Friday, March 11, 2016

You just can’t win!

1647: 

If vanity is the big trap in life, you’d think, after some decades of life, we’d have learnt about it and stopped ‘doing’ it. All I’m saying here is that for older people, who could be setting an example for the young, if they want to avoid neuroses concerning their lost youth and missed opportunities, they might need to stop running up their ‘vanity debts’. We should get used to paying-back as we go along, doing without some things, exercising a little self-restraint and add a touch of responsibility-taking. If we don’t go that way then we risk not being able to restore balance later in life, and then it all ends in tears.

I can remember starting out in adult life eager to experience abundance and enjoy effortless, sensory experiences. But as I got older, and taking all this for granted, I tried to recapture some of the pleasure of past years, only to find that that pleasure required a whole lot more investment. Was I losing my capacity for pursuing pleasure?

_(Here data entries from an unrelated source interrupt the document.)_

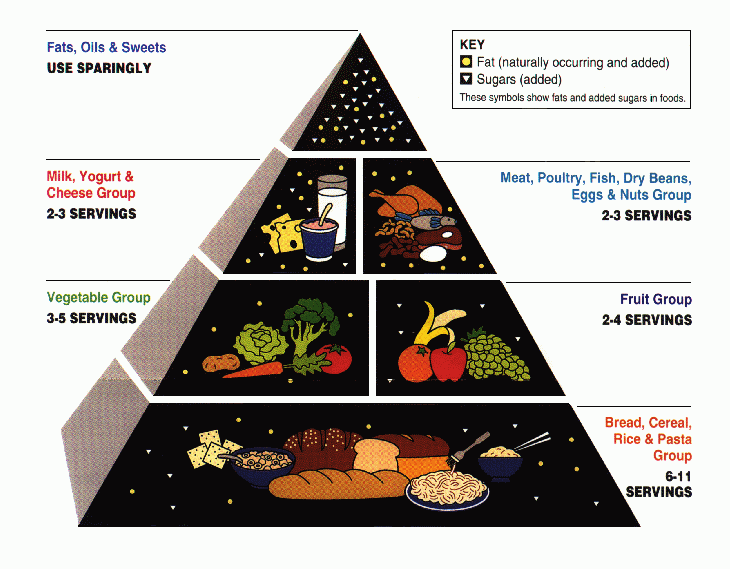 the USDA food pyramid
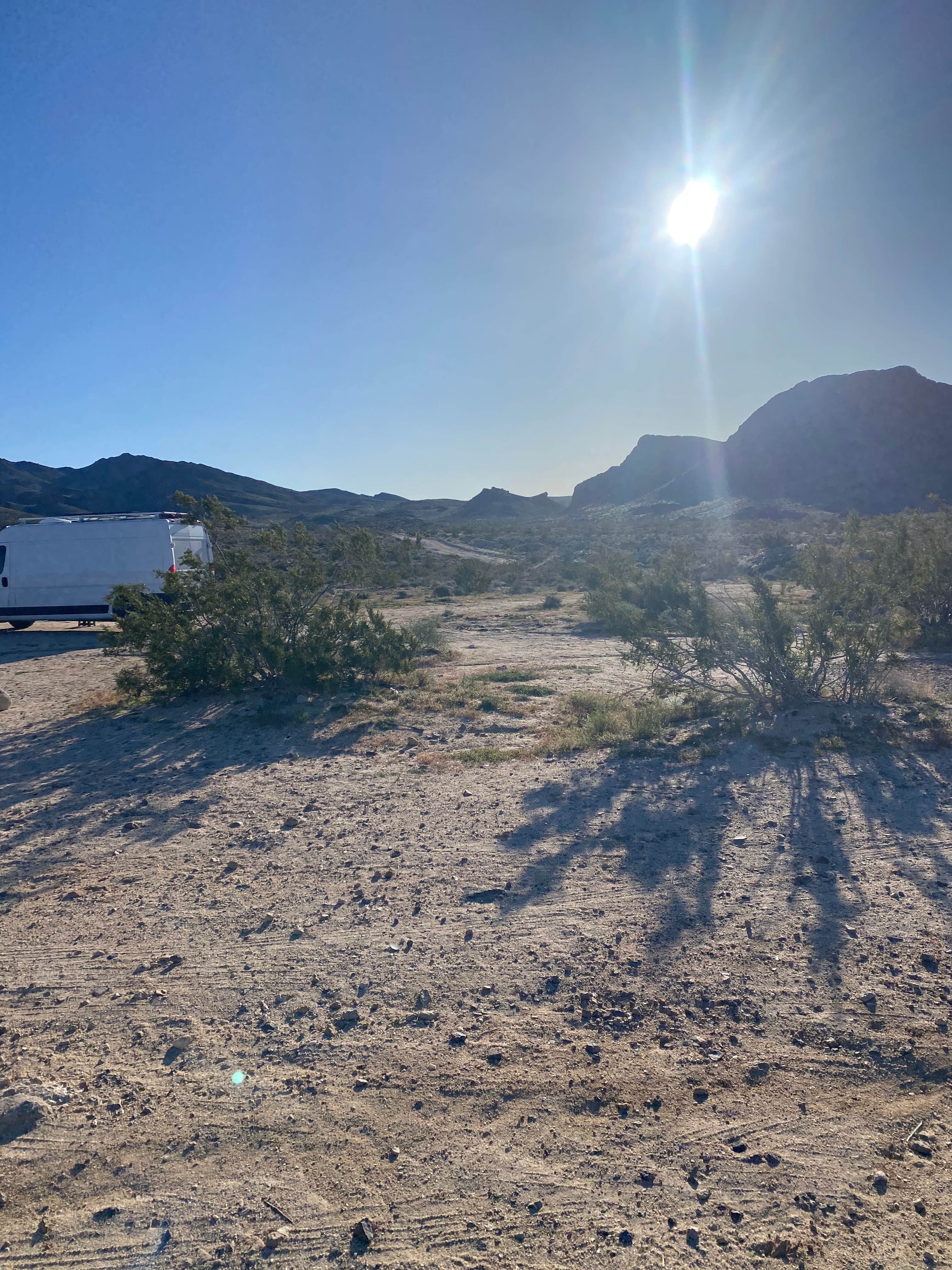 Danny T.'s photo of a dispersed camping area at Heart of the Mojave on Kelbaker Road near Amboy, CA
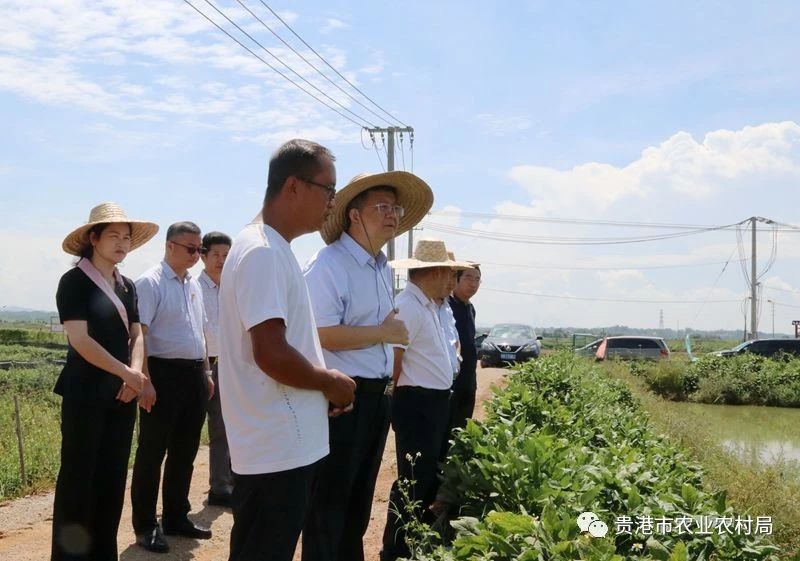 港南区农业农村局领导团队全新亮相，工作展望与期待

As age creeps on and our health goes and then our strength, we have to more careful to measure what we do - we no longer run just for fun. Our body creaks so much that we can’t even run for a bus! If you speak with very old people they’ll say how important it is to ‘keep your health’, because once lost it’s very hard to get it back. For them, so they say, there’s pain every day. Whereas younger people don’t get much body pain and whenever they do it doesn't seem so serious - health isn’t such a big issue because they haven’t experienced it deteriorating yet. But they do know that good health and good looks go together, and energy, sexuality and a slim, athletic body are a main source of pleasure, and this somewhat pulls them into line. But up against this there’s a powerful need to extract everything possible from life.

On an everyday basis we try to excite the taste buds and satisfy food cravings. So here, on these familiar battle grounds, we tear ourselves apart, torn between pleasure and good sense, stuffing our faces with good-tasting but body-destroying foods. And it becomes such an all-consuming occupation that we forget that the rest of the world is going on around us, with many starving.

Here in the West, we are so privileged and have such opportunities to live life NOW, and that’s just great! But in the process we forget about the need to contribute towards ‘the greater good’. It’s a shame about that because something vital is spoiled in us because we forget about this. And then, we deserve to be criticised for living an indulgent lifestyle.


Huh! You just can’t win. But was it ever just about winning?